- **BRIEF**
Using the entries that follow, collect the lines where the word "online" appears.

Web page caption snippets
········
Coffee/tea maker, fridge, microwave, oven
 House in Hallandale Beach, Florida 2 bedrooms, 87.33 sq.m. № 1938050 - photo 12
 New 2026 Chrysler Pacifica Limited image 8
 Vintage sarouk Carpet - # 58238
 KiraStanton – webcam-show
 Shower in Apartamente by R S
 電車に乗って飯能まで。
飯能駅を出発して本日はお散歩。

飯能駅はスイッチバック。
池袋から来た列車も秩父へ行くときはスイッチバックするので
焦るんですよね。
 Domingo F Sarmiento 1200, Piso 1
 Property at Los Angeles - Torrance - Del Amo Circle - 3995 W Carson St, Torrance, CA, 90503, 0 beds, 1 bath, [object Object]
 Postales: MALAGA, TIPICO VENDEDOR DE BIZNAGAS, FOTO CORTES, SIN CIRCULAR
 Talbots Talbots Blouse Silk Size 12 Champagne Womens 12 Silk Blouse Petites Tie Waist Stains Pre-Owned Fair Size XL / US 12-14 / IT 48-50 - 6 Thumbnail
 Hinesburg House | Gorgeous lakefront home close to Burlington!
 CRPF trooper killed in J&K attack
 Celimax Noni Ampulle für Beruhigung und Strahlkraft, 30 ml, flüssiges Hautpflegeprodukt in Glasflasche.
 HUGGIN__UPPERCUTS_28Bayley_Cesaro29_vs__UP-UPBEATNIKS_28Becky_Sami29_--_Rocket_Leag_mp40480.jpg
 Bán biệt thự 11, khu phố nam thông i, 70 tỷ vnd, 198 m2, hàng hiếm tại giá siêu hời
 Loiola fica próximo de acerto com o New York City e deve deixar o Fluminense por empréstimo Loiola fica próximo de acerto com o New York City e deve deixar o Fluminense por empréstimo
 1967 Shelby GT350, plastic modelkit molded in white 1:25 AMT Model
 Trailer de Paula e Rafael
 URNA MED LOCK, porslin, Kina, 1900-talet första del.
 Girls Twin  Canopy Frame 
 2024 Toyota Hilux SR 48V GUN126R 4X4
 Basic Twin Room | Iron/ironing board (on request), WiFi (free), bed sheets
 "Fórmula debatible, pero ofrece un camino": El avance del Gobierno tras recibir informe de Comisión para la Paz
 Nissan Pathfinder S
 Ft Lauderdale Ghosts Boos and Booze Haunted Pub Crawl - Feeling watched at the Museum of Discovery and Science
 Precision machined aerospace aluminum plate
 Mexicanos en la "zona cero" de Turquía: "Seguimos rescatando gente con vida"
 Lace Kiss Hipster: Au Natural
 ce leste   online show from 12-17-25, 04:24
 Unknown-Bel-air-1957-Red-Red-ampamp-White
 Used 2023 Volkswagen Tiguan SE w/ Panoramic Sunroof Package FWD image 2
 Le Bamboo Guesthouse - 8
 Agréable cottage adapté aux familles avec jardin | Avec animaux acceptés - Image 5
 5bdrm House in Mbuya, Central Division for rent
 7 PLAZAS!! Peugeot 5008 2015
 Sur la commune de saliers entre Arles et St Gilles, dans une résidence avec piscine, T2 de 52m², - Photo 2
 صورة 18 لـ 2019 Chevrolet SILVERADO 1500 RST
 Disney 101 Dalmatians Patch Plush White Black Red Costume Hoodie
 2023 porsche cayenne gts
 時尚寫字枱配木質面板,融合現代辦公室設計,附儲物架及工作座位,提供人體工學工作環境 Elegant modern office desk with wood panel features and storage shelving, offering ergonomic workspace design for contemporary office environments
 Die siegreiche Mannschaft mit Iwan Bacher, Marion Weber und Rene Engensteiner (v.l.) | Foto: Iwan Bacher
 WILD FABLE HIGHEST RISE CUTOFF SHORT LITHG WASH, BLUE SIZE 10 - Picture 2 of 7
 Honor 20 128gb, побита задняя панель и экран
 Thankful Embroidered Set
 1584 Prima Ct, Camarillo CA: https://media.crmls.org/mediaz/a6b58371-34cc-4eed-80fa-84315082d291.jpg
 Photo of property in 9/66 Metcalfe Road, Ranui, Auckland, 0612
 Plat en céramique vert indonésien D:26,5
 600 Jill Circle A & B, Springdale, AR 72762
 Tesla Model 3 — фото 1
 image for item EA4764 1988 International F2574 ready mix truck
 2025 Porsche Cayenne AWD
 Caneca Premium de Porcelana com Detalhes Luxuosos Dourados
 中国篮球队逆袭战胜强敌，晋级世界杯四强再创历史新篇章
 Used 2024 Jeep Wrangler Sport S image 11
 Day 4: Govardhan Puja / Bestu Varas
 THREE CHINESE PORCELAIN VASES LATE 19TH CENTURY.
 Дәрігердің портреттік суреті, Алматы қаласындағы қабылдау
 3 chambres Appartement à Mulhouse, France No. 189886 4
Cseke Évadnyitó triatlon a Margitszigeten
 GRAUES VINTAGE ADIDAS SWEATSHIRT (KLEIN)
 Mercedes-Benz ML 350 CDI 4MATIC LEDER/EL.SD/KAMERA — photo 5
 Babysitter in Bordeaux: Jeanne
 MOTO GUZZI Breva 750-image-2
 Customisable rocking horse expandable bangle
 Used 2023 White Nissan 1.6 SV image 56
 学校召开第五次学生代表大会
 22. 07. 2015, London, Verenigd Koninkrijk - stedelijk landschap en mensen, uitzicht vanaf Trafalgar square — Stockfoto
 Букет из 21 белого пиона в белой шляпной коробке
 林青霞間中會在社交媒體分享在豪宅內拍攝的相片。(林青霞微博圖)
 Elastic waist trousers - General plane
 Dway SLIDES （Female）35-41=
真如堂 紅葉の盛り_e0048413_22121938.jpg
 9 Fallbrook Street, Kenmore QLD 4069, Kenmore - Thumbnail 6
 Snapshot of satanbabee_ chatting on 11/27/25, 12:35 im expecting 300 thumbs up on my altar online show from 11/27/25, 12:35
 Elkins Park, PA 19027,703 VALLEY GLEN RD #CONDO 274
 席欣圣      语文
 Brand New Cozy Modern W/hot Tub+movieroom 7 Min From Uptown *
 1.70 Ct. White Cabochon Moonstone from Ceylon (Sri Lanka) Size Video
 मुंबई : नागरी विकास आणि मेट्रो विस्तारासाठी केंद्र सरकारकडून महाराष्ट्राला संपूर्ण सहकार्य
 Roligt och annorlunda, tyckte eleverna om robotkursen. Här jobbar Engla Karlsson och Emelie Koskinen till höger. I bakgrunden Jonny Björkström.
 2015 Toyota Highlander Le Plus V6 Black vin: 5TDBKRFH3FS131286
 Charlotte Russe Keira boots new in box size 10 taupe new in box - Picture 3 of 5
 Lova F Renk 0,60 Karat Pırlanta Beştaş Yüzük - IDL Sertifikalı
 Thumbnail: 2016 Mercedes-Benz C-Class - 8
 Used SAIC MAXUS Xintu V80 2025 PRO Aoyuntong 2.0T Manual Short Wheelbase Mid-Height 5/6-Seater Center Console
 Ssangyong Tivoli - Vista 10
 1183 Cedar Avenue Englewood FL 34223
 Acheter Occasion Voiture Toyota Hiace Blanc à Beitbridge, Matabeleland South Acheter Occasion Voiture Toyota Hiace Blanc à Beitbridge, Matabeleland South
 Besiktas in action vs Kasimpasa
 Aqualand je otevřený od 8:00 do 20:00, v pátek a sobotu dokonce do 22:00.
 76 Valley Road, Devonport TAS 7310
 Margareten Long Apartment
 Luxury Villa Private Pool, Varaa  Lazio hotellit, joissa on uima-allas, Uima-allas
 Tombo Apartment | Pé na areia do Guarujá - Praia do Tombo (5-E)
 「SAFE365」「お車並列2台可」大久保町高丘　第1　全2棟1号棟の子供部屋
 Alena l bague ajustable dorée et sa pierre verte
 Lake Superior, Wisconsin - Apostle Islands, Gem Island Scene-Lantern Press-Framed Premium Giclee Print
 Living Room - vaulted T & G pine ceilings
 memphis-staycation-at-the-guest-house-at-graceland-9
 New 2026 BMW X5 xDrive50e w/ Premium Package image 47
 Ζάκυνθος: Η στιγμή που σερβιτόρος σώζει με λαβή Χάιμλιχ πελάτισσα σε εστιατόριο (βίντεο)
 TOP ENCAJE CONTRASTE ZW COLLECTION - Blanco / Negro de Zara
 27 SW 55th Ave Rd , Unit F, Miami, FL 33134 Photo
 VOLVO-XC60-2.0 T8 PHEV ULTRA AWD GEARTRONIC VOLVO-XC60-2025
········
- **SOLUTION TO THE EXERCISE**
 ce leste   online show from 12-17-25, 04:24
 Snapshot of satanbabee_ chatting on 11/27/25, 12:35 im expecting 300 thumbs up on my altar online show from 11/27/25, 12:35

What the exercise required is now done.